El rey hacía ostentación de ser un príncipe de cultura grecorromana. Bastaba ser griego, o romano, culto y bien educado, para pasar unos días, regaladamente, en el palacio de la capital o en el de Jericó. Los aposentos para invitados de la corte real estaban siempre ocupados. Como si Herodes tuviera horror a que hubiera un vacío en su entorno, nobles extranjeros –filósofos, historiadores, poetas y hombres de teatro– desfilaban incesantemente por la corte, y eran invitados asiduamente a comer y a dormir a costa de las finanzas reales. Herodes se comportaba en Jerusalén del mismo modo que Mecenas, el fiel colaborador de Augusto, protector de artistas y poetas, lo hacía en Roma.

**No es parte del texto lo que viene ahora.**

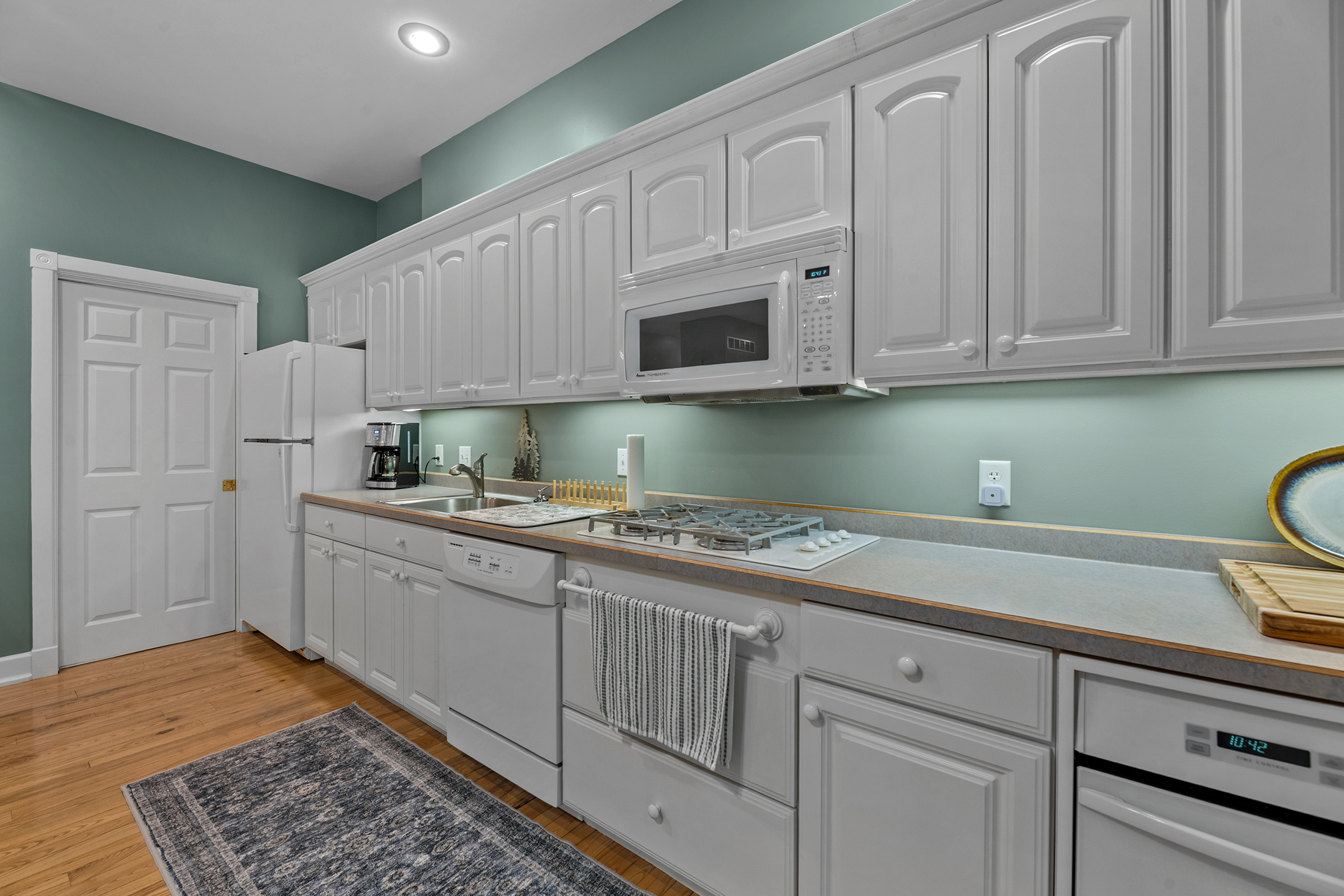 Fully-equipped modern kitchen with stainless appliances, ample counter space, and everything you need to prepare delicious meals during your stay.
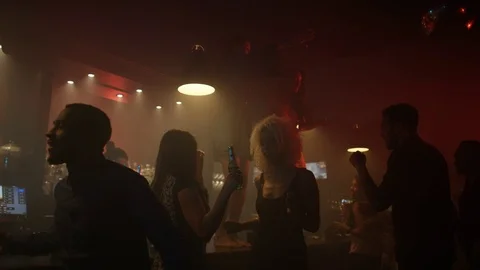 4K Happy Party Crowd Drinking &amp; Dancing In Nightclub Video stock 75649829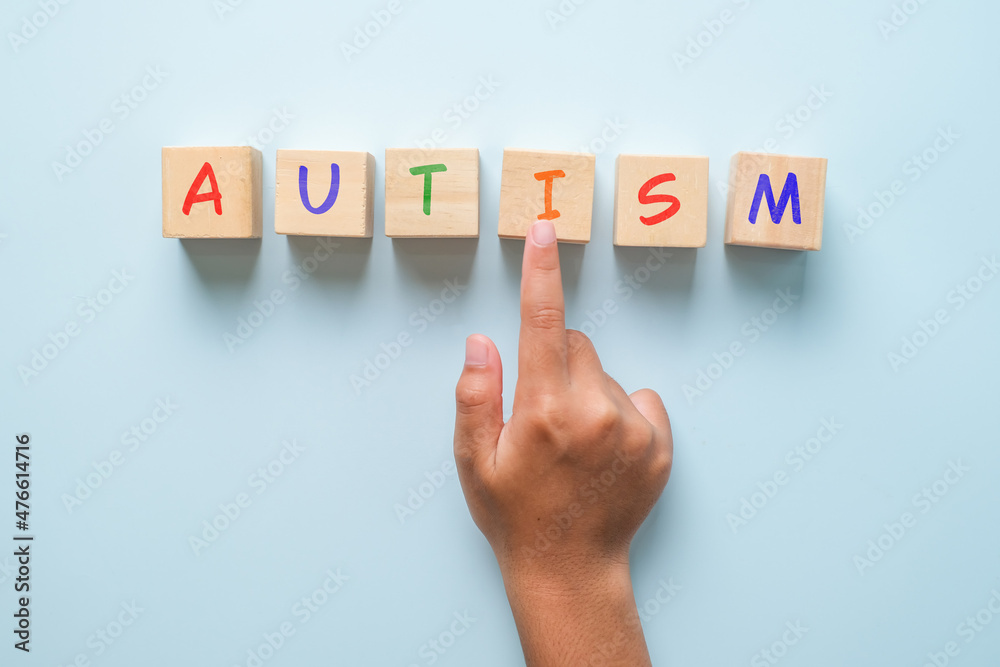 Children hand and autism on wooden squares blue background top view Children hand and autism on wooden squares blue background top view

Este desfilar de gentiles irritaba principalmente a fariseos y esenios, numerosos en Jerusalén y alrededores; los primeros ostentaban altos cargos religiosos, como sumos sacerdotes del Templo, mientras que los esenios eran una secta apocalíptica que quería purificar el judaísmo. Todos creían que el rey estaba corrompiendo a propósito las costumbres de su corte, y que esa indecencia se estaba expandiendo por la ciudad y sus alrededores. Como ejemplo pusieron la construcción de un teatro y un hipódromo, símbolos de la cultura pagana de griegos y romanos.

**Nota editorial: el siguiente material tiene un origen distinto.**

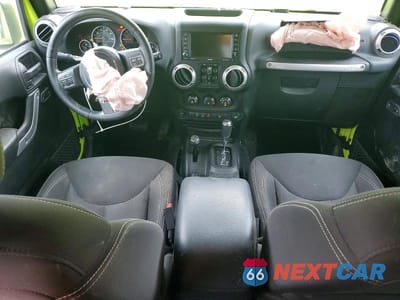 Zdjęcie 8 z 13 samochodu: 2016 JEEP WRANGLER UNLIMITED SAHARA VIN:1C4BJWEG3GL292346 - miniatura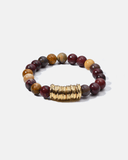 Multicolored beaded bracelet with a gold accent on a white background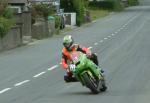 Fabienne Migout approaching Sulby Bridge.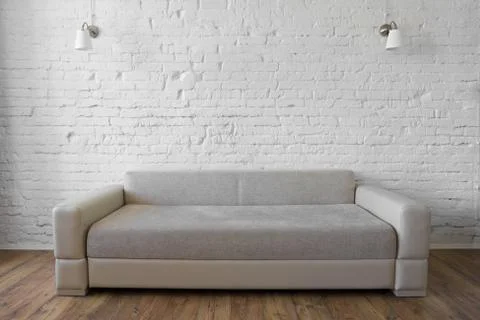 Sofa on white brick wall background textured Stock Photos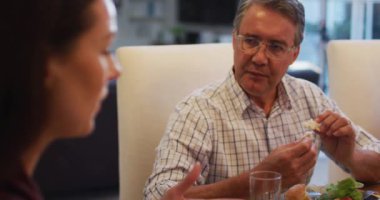 Gülümseyen beyaz büyükbaba aile yemeği sırasında geliniyle konuşuyor ve masada yemek yiyor. çok nesildir birlikte evde vakit geçiriyoruz..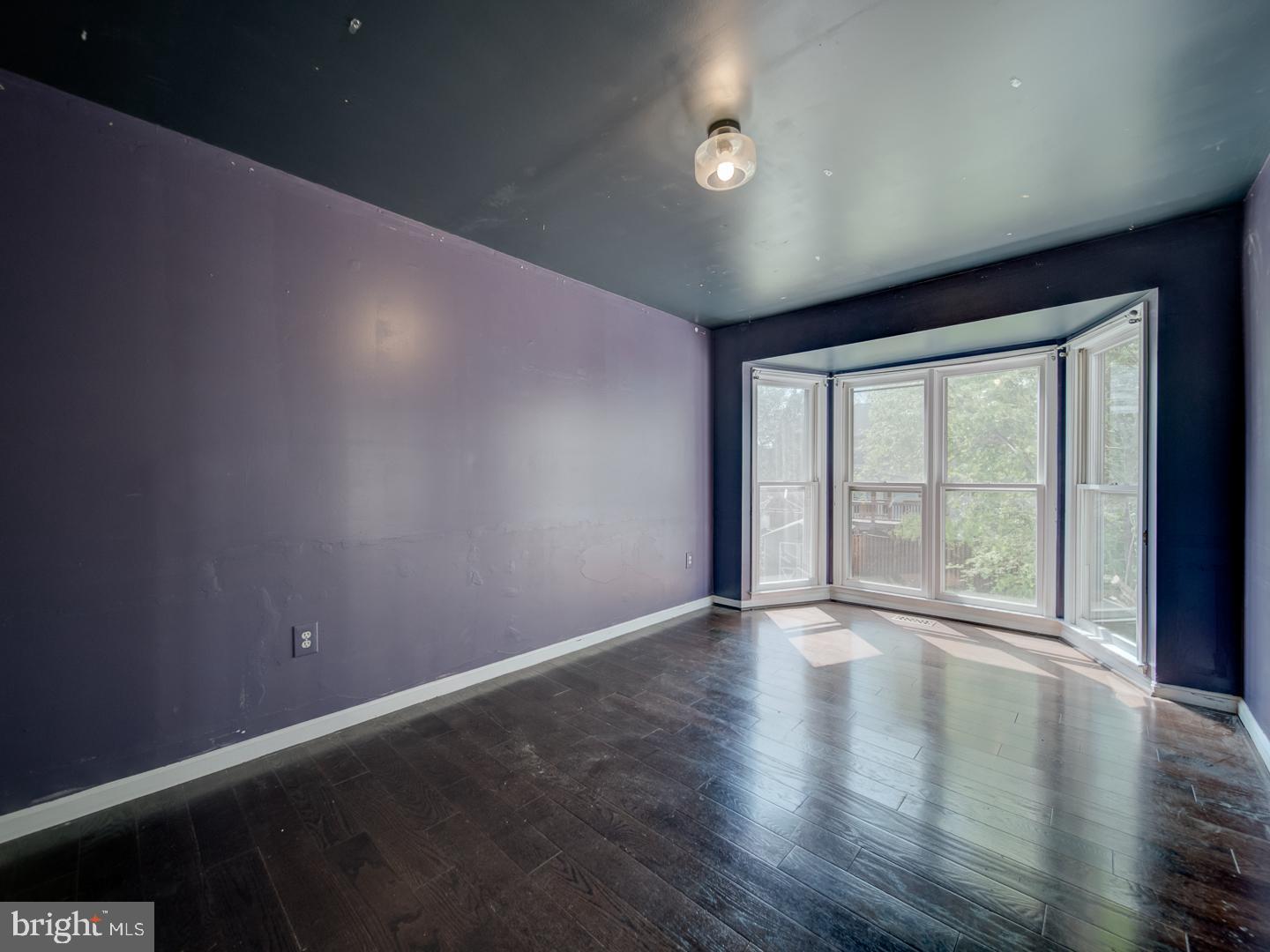 9618 Clover Hill Road Manassas, VA 20110 - Photo 22 of 61 a view of an empty room with wooden floor and a window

De la mano de su consejero Nicolás de Damasco, parecía que el monarca descuidaba los deberes de Estado y se había entregado demasiado al aprendizaje de la filosofía, la retórica y la historia griega y romana. Pero no a la Ley, la única fuente de sabiduría. La administración de los asuntos de Estado recaía en gentes de educación griega, situadas en puestos clave. Así, la exhibición de la pompa romana y griega en ciertas ciudades del reino, como Cesarea, era absolutamente inaceptable para los judíos. Ante los piadosos de Israel todas estas realidades tenían un peso mucho más negativo que algunos actos aparentes de devoción, escasos, por parte del rey, y también más que algunas concesiones aisladas a los fariseos, a quienes el rey tenía políticamente en cuenta como maestros que eran del pueblo.
La construcción de templos paganos en zonas como Sebaste (Samaria), y en especial el dedicado a la diosa Roma y al genio de Augusto en Cesarea, era un insulto público a la Ley. Para colmo, Herodes había preparado grandes festejos paganos para la inauguración de Cesarea, la gran capital que había hecho construir en la costa, entre las actuales Tel Aviv y Haifa, provista de un puerto artificial y diversos anexos, además del templo. Herodes organizó luchas de gladiadores y otros juegos durante la dedicación del templo; todo el conjunto estaba ofrendado al emperador Augusto y a Livia, su esposa, que contribuyó a la ocasión con magníficos dones como premio para los vencedores. Pero para los judíos, las luchas de gladiadores eran profundamente inmorales, pues consideraban que el único dueño de la vida humana era el Altísimo. Además, por la noche se multiplicaban los festines y las bailarinas extranjeras eran casi más abundantes que los comensales. Y con ellas, las orgías y el desenfreno. El pueblo lo sabía y se escandalizaba profundamente.